++++ TASK MATERIAL ++++

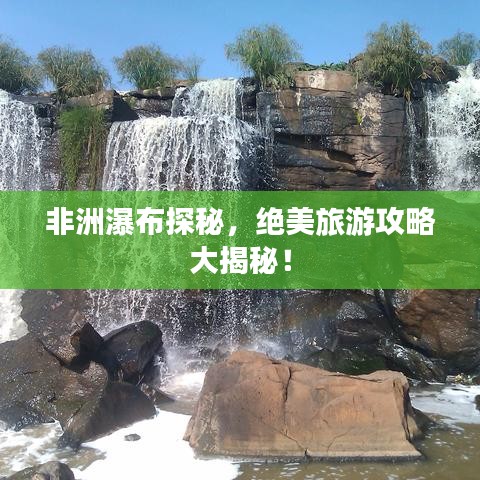 非洲瀑布探秘，绝美旅游攻略大揭秘！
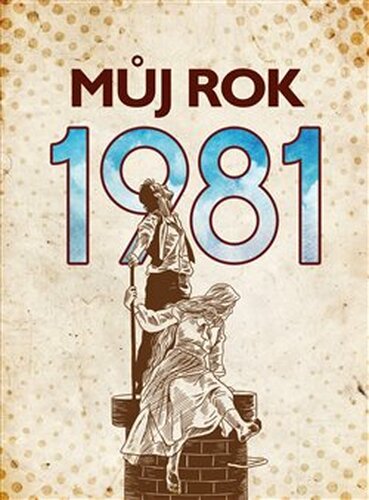 Můj rok 1981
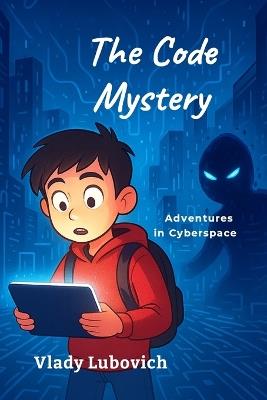 The Code Mystery: Adventures in Cyberspace - Vlady Lubovich - cover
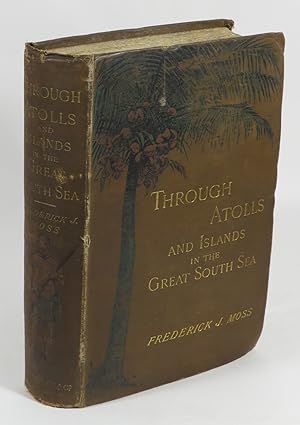 Seller image for Through Atolls and Islands in the Great South Sea for sale by Renaissance Books, ANZAAB / ILAB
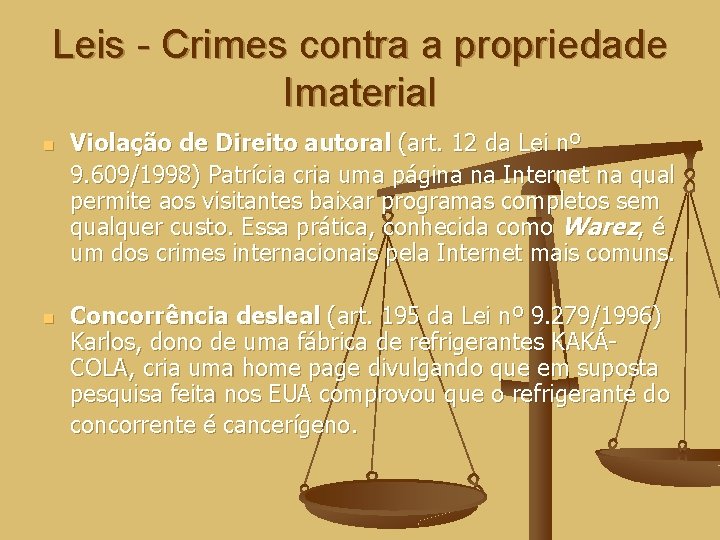 Leis - Crimes contra a propriedade Imaterial n n Violação de Direito autoral (art.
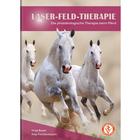 LASER FELD THERAPIE - Veterinary Applications: Die photobiologische Therapie beim Pferd - Vinja Bauer, Anja Füchtenbusch, 1019251, Книги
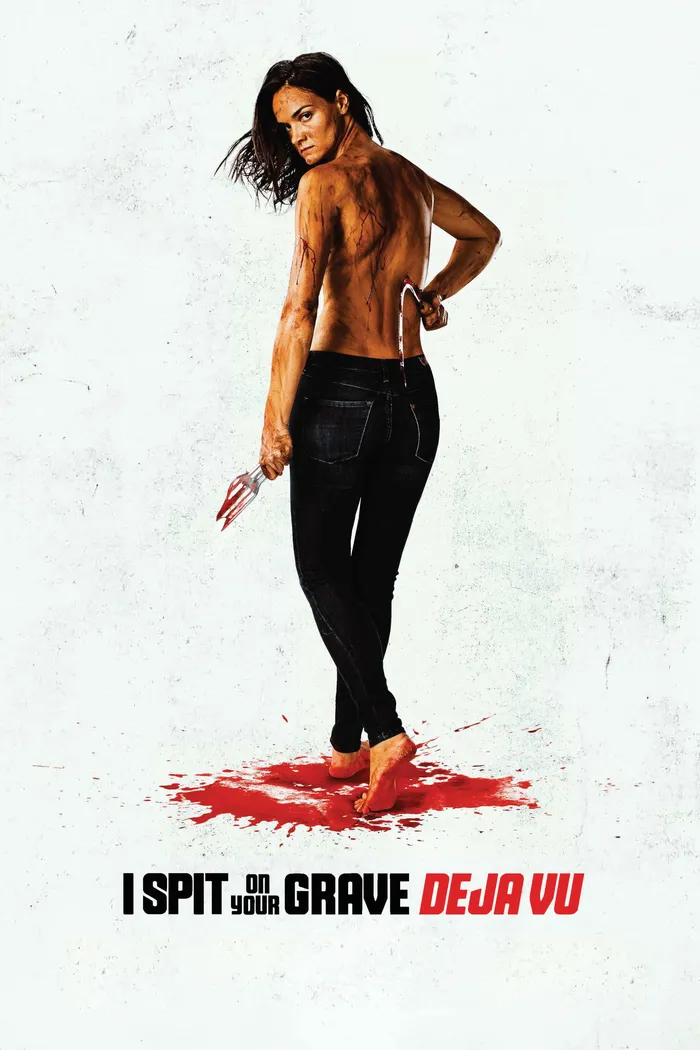 Я плюю на ваши могилы: Дежа вю (2019) poster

++++

◆ **ACTIVITY**: Hand back exactly the lines from the one with "LASER FELD THERAPIE" through the last line of the data above, both ends included, with every picture left out.

◆ **SOLUTION**:
 LASER FELD THERAPIE - Veterinary Applications: Die photobiologische Therapie beim Pferd - Vinja Bauer, Anja Füchtenbusch, 1019251, Книги
 Я плюю на ваши могилы: Дежа вю (2019) poster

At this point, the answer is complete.